*ACTION ITEM*.
Reproduce this listing from its first line through the line with "Thực đơn tuần từ 14-18/12/2020", inclusive, leaving out all that follows.
[[ MATERIAL FOR THIS TASK, beginning ]]
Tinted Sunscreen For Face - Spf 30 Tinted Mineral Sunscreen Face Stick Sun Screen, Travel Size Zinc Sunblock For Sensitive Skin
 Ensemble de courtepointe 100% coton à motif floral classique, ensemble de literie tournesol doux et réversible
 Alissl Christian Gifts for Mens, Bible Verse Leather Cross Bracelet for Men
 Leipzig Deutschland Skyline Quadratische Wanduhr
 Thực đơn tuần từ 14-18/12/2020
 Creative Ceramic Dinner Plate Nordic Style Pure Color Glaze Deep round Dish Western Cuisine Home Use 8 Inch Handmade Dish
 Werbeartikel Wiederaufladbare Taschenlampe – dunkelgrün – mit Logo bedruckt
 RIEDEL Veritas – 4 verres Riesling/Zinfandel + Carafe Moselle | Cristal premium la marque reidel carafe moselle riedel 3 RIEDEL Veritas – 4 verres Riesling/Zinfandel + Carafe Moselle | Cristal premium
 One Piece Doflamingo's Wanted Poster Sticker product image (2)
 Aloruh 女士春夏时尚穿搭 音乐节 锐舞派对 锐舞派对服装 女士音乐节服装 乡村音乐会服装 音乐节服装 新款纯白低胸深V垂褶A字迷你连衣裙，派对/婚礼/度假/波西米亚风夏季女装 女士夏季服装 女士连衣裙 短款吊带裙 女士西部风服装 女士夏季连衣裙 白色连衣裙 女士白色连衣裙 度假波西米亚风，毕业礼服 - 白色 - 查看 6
[[ MATERIAL FOR THIS TASK, end ]]
*ANSWER SPACE*.
Tinted Sunscreen For Face - Spf 30 Tinted Mineral Sunscreen Face Stick Sun Screen, Travel Size Zinc Sunblock For Sensitive Skin
 Ensemble de courtepointe 100% coton à motif floral classique, ensemble de literie tournesol doux et réversible
 Alissl Christian Gifts for Mens, Bible Verse Leather Cross Bracelet for Men
 Leipzig Deutschland Skyline Quadratische Wanduhr
 Thực đơn tuần từ 14-18/12/2020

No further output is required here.